▶ _YOUR GOAL_
The whole listing, pictures aside, should be reproduced exactly.

▶ _DATASET EXTRACT_

== Segment start ==

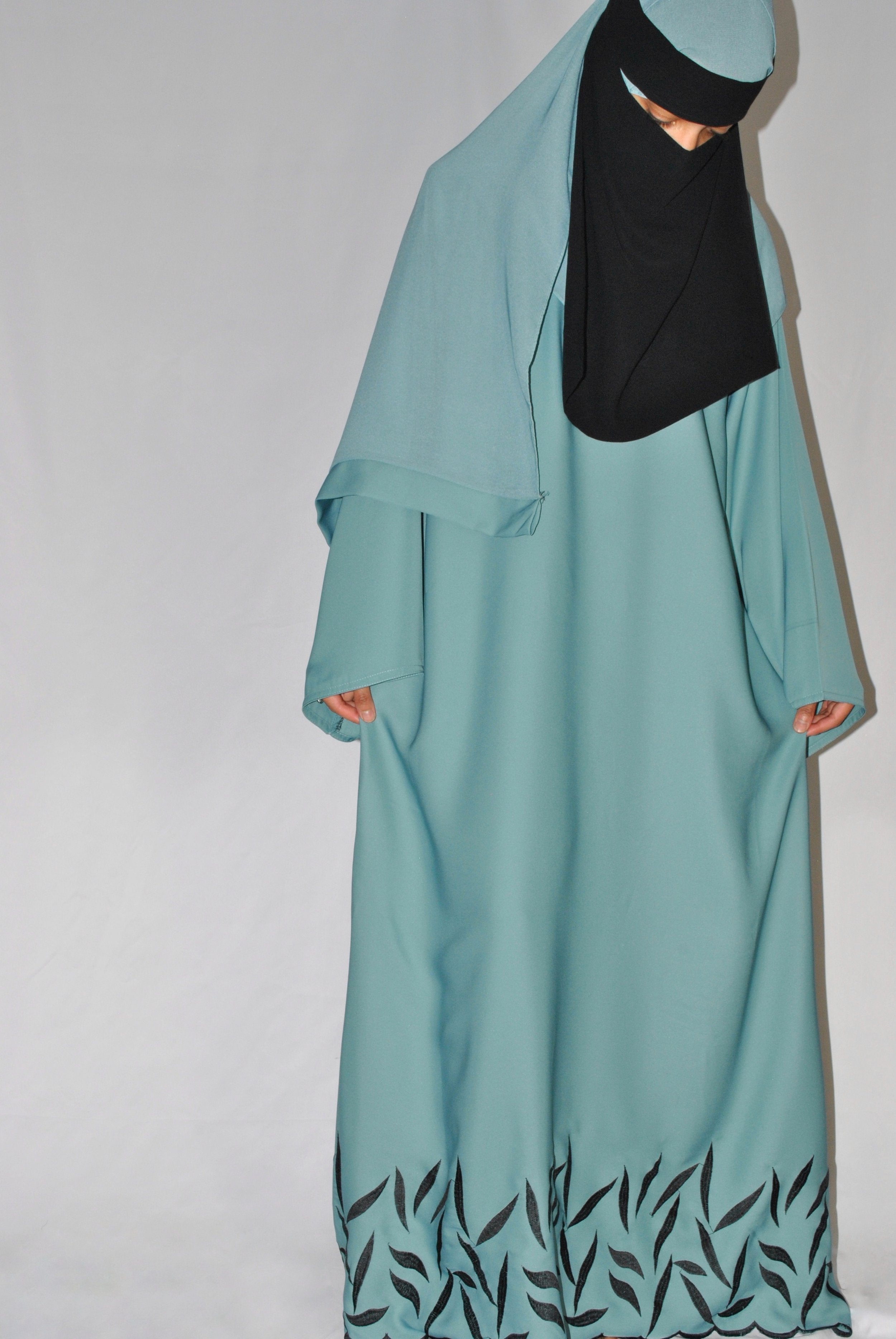 Embroidered Teal Closed Abaya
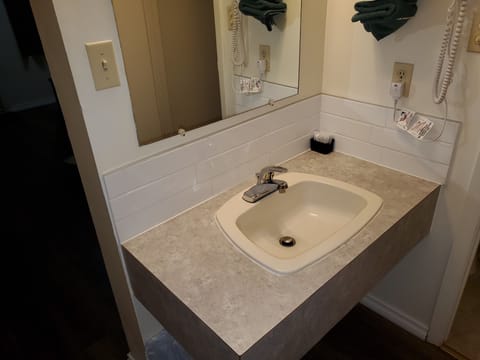 Bathroom sink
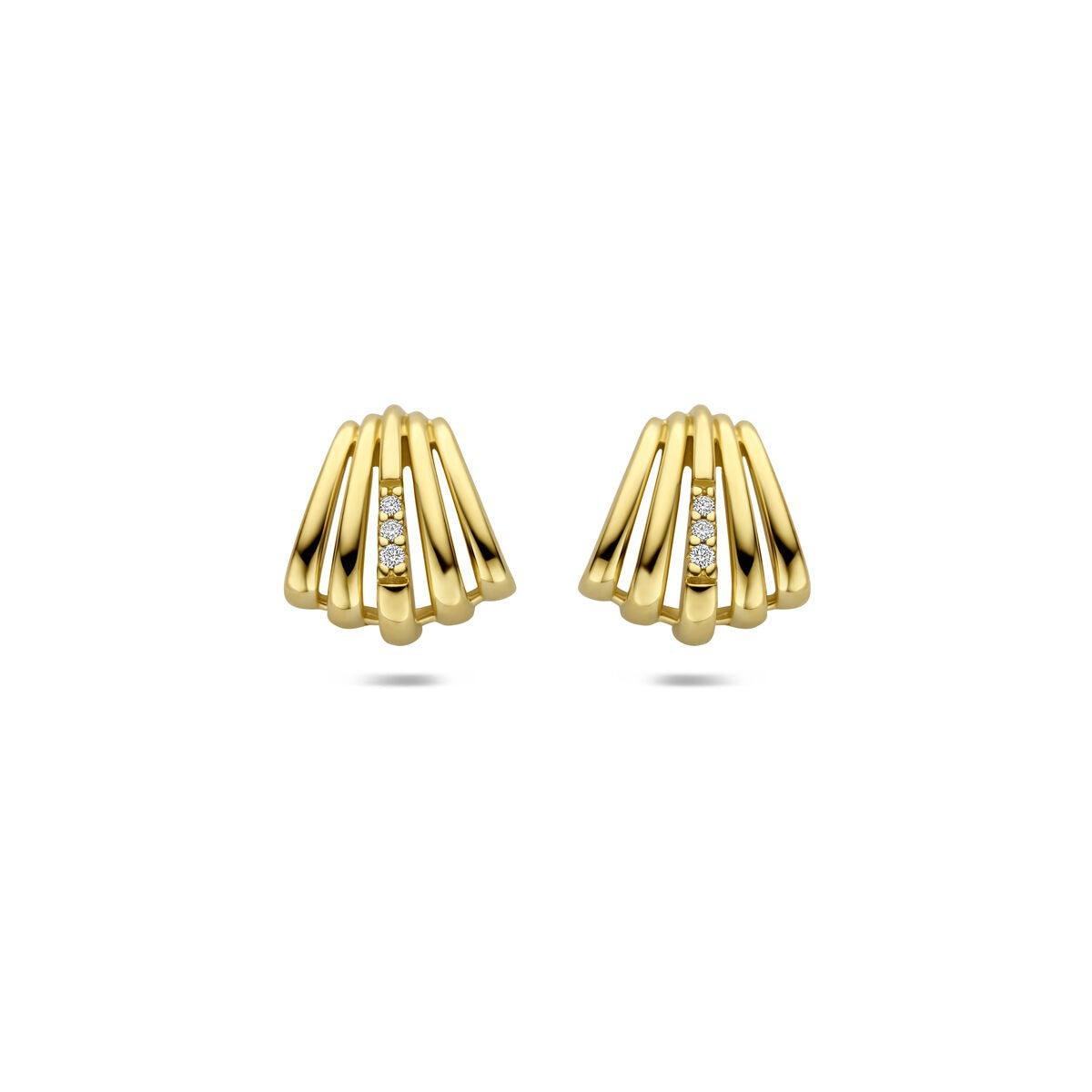 Boucles d'oreilles en or jaune 14 carats avec des diamants, en forme de cône.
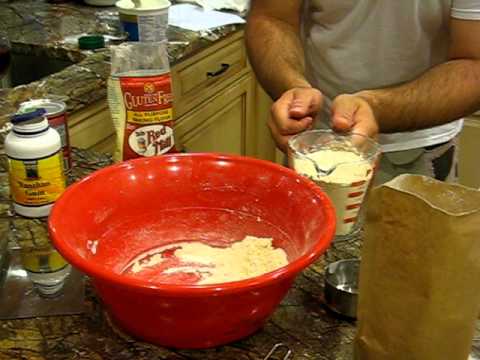 Baking Lucinda's Cake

== Segment end ==

▶ _RESPONSE TO THIS EXERCISE_
 Embroidered Teal Closed Abaya
 Bathroom sink
 Boucles d'oreilles en or jaune 14 carats avec des diamants, en forme de cône.
 Baking Lucinda's Cake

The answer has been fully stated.